This is ridiculous. I've been up with baby since 4am. He wasn't ready to wake for the day but couldn't sleep, so basically he would sleep for a few minutes and scream and cry for a few minutes. This continued until a little after 6am when he was up for the day. I think I might have gotten about 3 to 4 hours total sleep broken into small chunks.

He now will not take a nap even though he is miserably tired. Well he will fall asleep, but he keeps waking if I try to leave and quite frankly I'm sick of being with him at the moment and I need a break not to mention the fact that I have a 3 year old to care for.

I think I might try a different approach and head to Babies R Us today to buy swing, a stroller, maybe an excersaucer, one of those Ocean Wonders Aquarium things for the crib which he will now be sleeping in all night, one of every paci, some bottles, and a case of formula...and maybe some baby sleep books to boot. I am just so done with all of this.


----------



## Juvysen (Apr 25, 2007)

Yuck. I've so been there. We had about 4 months of once-a-week all nighters. This happened when he was well past a year! So not fair. We figured out that he occasionally got some painful gas (we think) and also it often happened when there was a full moon or an extremely cloudy night when it'd be brighter in our room than usual. So... we got black out curtains and when he'd wake all kinds of fussy we'd lie him down and move his legs around to try and help him move down the gas. It seemed to help, but I don't even wanna tell you how long it took for us to figure that out. But of course, even when he slept "normally", he was up 6 or 8 times to nurse each night *sigh*

Do you think it could be gas-related? Like, have you tried keeping a diary and seeing if extra-fussy times line up to things that you're eating or try cutting out obvious things like dairy... things that frequently cause problems in babies...?








I'm so sorry you're going through this. It's a horrible thing to be deprived of sleep. I mean, they actually torture people by keeping them from sleeping! Hope things loook up for you soon!!


----------



## tinybutterfly (May 31, 2004)

Quote:


Originally Posted by *riverscout* 
I'm sorry if this is incoherent and rambling. I'm typing while nursing and crying.

I guess my son is what Dr. Sears would call "high need." He fits the description on his website to a T. I used to think when I heard people use that term in the past that they might just be doing something wrong like not getting the baby enough sleep or not knowing good soothing techniques or something. Well, here I am eating crow.

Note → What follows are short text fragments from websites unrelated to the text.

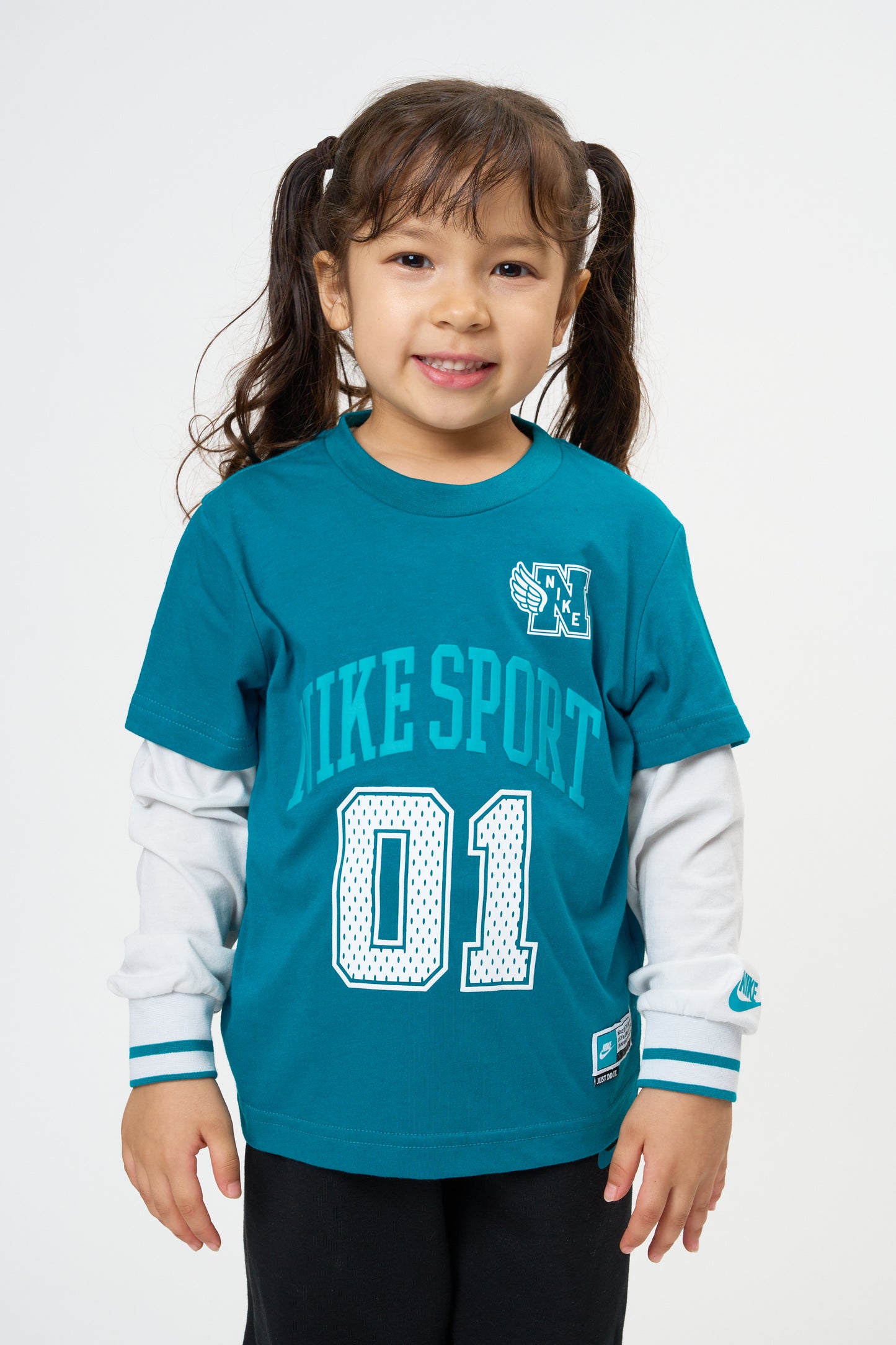トドラー(90-100cm)  NIKE(ナイキ) 長袖Tシャツ NKB MULTISPORT MIDTOWN LONG SL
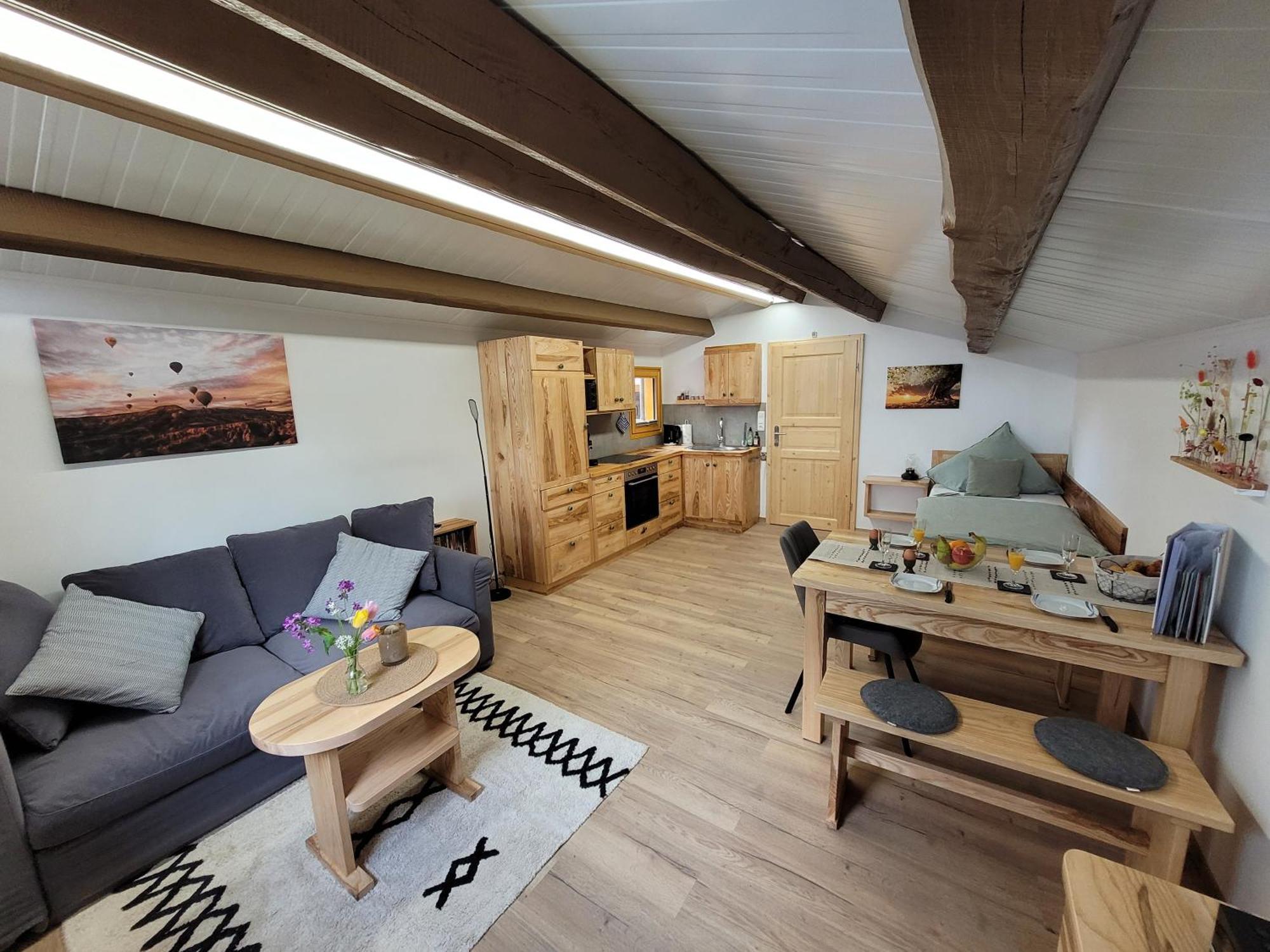 Ferienwohnung Wiesenhof Neuhof an der Zenn ภายนอก รูปภาพ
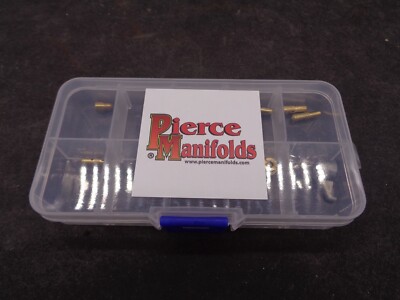 PIERCE MANIFOLDS Weber Carburetor Jet Pack Kit 32/36 DGAV, DGEV, DGV 4 Cyl.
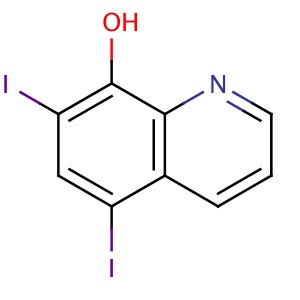 Iodoquinol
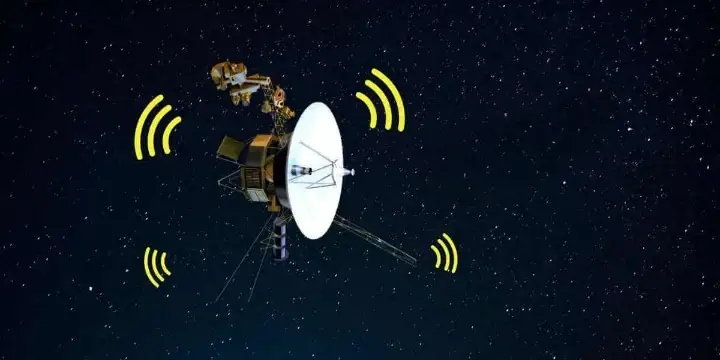 La Voyager 1 de la NASA detecta un sonido extraño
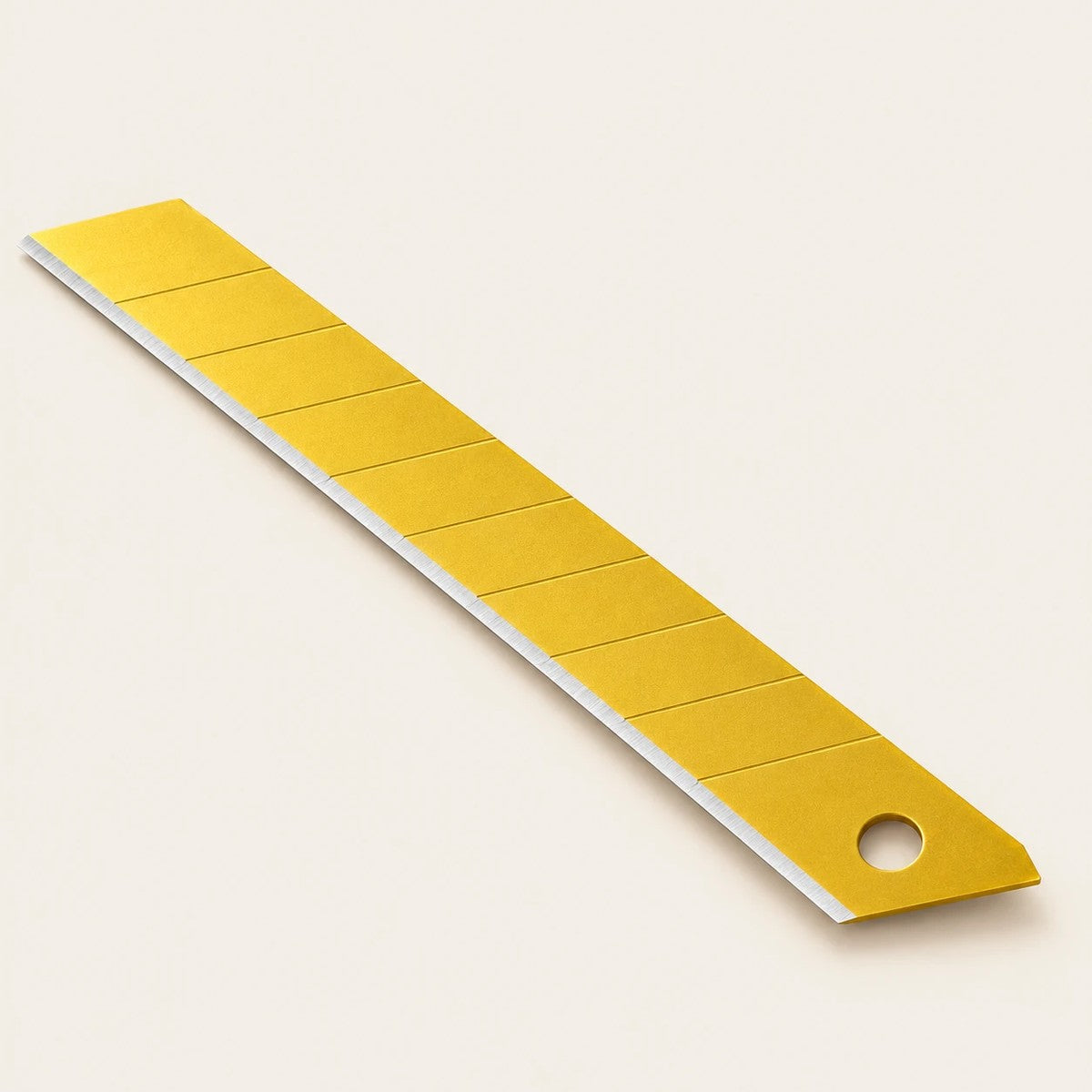 18 mm Gold TiN SK5 Snap-Off Blades, 0.6 mm — KochevPro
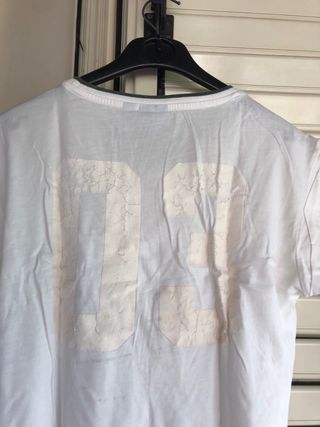 T-shirt Adidas bianca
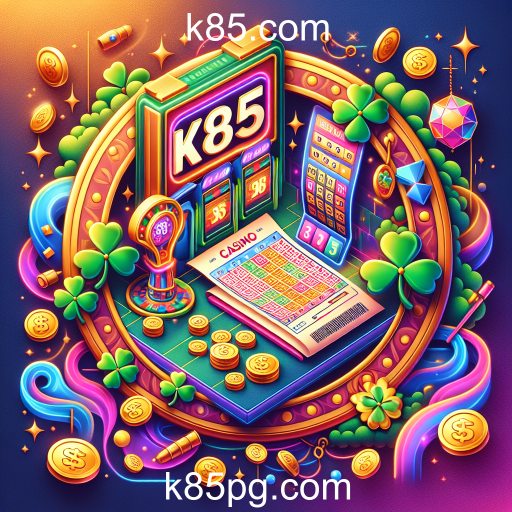 Descubra a Emoção da Loteria no k85.com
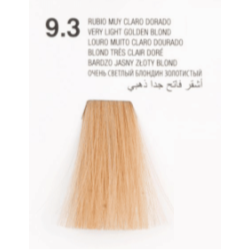 GLOSSCO 9.3 RUBIO MUY CLARO DORADO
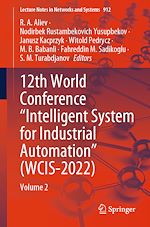 Télécharger le livre :  12th World Conference “Intelligent System for Industrial Automation” (WCIS-2022)
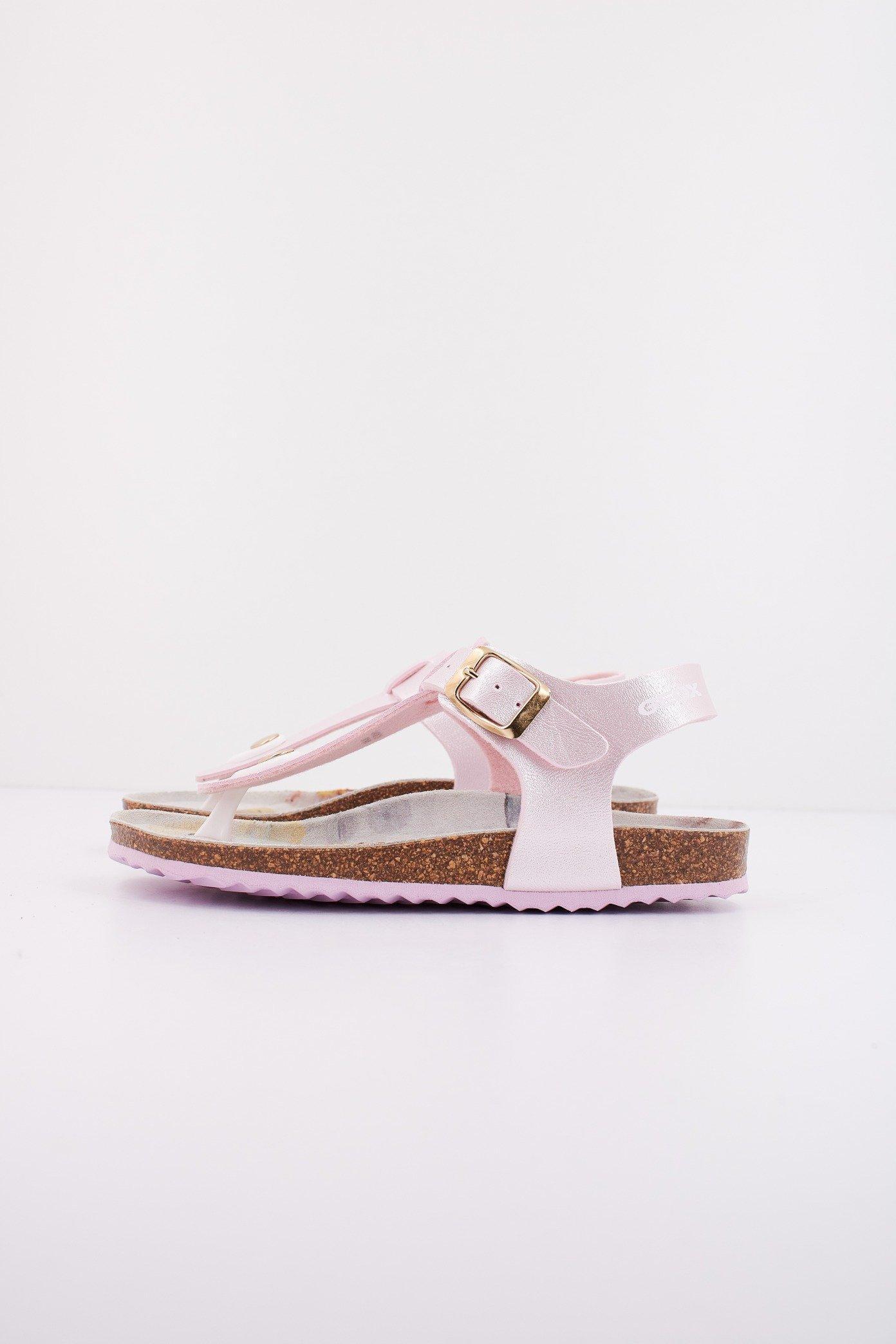 GEOX J ADRIEL GIRL en color ROSA  (1)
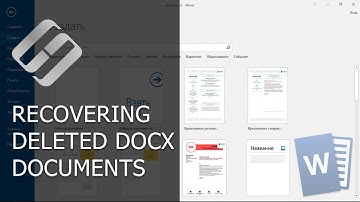 🔥How to Recover Deleted Word (DOC, DOCX) Documents With Hetman Word Recovery Software in 2021⚕️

I thought I could handle another baby no problem after learning all I had with my first. I read all the books and gleaned what I could. I thought I knew all about babies and what they needed. I had all the requisite equipment for soothing a fussy baby...sling, wrap, Ergo, a couple of mei tais, a sound soother, a glider, a yoga ball, etc etc etc. I planned on nursing on cue, co-sleeping, babywearing, and all of that good stuff and figured all of that would make a happy baby and a mama happy.

Well here I am 5 months into this and no one in this house is happy. The joy has been drained by this demanding no sleeping baby that I cannot figure out for the life of me despite my best efforts. He has such intense needs and is so irregular. I just am baffled beyond belief on how to meet his needs not to mention everyone else's.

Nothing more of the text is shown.